Problem statement: Take the data below and copy exactly the lines starting at the one with "南阳艾草——传统与现代的传承" and finishing at the one with "Le Meilleur de Bugs Bunny -DVD", both included.

Input data:
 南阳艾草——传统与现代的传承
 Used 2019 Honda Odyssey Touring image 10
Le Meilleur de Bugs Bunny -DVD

---

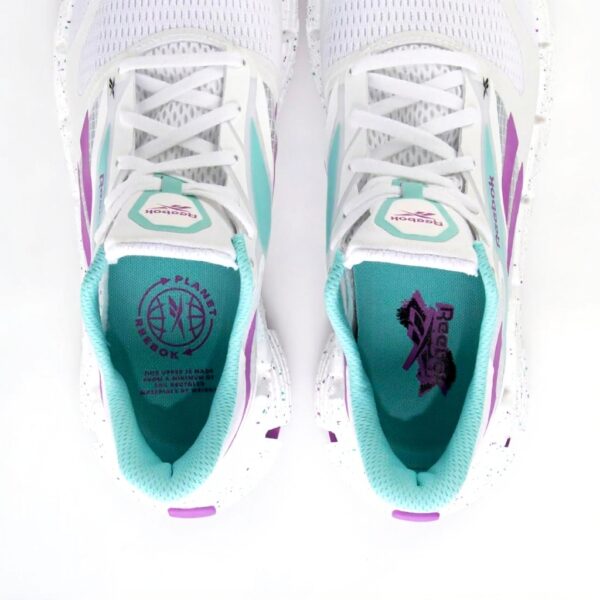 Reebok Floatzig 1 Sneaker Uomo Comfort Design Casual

* * *

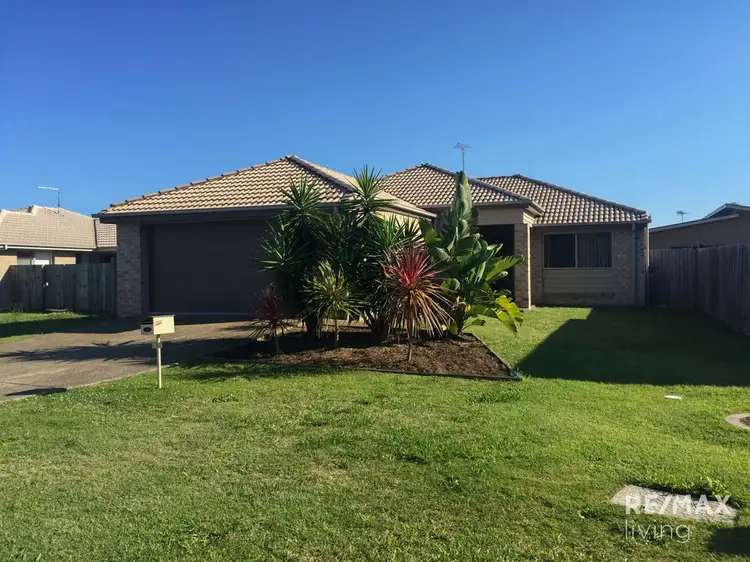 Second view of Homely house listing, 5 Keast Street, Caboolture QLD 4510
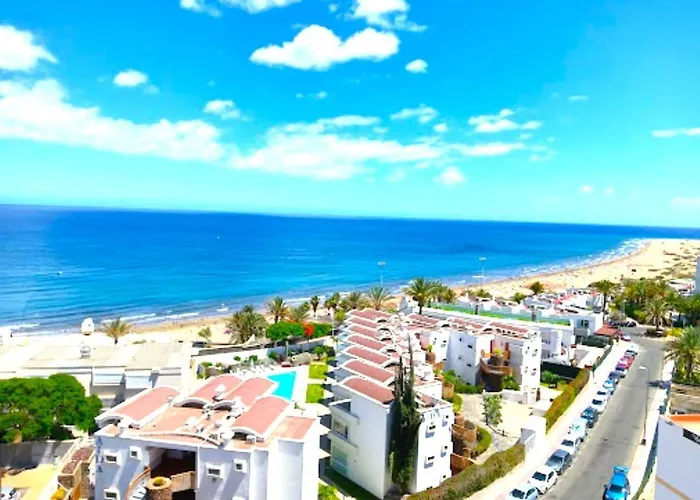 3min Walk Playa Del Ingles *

Exercise solution:
 南阳艾草——传统与现代的传承
 Used 2019 Honda Odyssey Touring image 10
Le Meilleur de Bugs Bunny -DVD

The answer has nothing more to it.